Image by marc.benton via Flickr
"Obama and habeas corpus -- then and now," by Glenn Greenwald at Salon.com (4/11/09). The Supreme Court ruled in the Boumediene case that Guantanamo detainees have the right to a hearing to contest the accusations against them. After that the Bush administration took the detainees to the prison in Bagram, Afghanistan, where they did not have those same rights. The Obama administration also argued that military detainees (not necessarily captured in Afghanistan) have no right to challenge their imprisonment at Bagram. However, District Court Judge John Bates, a Bush appointee, ruled last month that "Boumediene applies every bit as much to Bagram as it does to Guantanamo." The Obama administration is appealing the decision. Even though candidate Obama said this after the original Boumediene decision came down:
Today's Supreme Court decision ensures that we can protect our nation and bring terrorists to justice, while also protecting our core values. The Court's decision is a rejection of the Bush Administration's attempt to create a legal black hole at Guantanamo - yet another failed policy supported by John McCain. This is an important step toward reestablishing our credibility as a nation committed to the rule of law, and rejecting a false choice between fighting terrorism and respecting habeas corpus. Our courts have employed habeas corpus with rigor and fairness for more than two centuries, and we must continue to do so as we defend the freedom that violent extremists seek to destroy.

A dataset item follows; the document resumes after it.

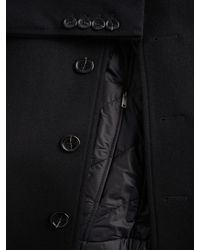 gavin compact melton jacket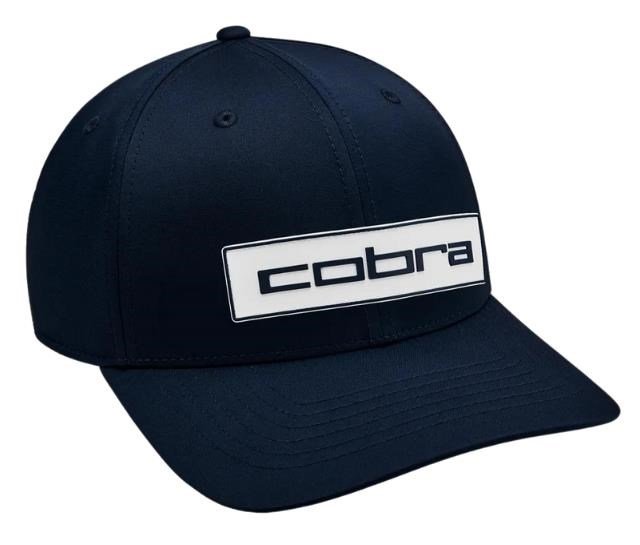 Cobra Tour Tech gorra de hombre, deep navy/white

Senator Obama's statement on the Senate floor (9/6/06), was also quoted by Greenwald. Senator Obama spoke for "an amendment to the Military Commission Act that would have restored habeas corpus rights to Guantanamo detainees. Greenwald laments in passionate terms, the President's apparent about face.
On April 2, 2009 a federal judge ruled that 3 prisoners being held at the Bagram AFB detention facility in Afghanistan can challenge their detentions in the U.S. courts. They were picked up outside of the country, are not Afghan citizens and have been held there for over 6 years. This is according to an ACLU Blog post. a related post discussed the increasing calls to "Move Gitmo Cases to U.S. Courts."
Other detainee cases are even more strange. For instance, What About the Uighurs? To quote from another ACLU Blog of Rights post in early April:
Remember the Uighurs? They are a group of 17 Chinese Muslims from Northwestern China that have been have been detained at Guantánamo for over seven years without charge. Last fall, the Bush administration conceded that the men are not enemy combatants, but since that time, the group has continued to remain in legal limbo.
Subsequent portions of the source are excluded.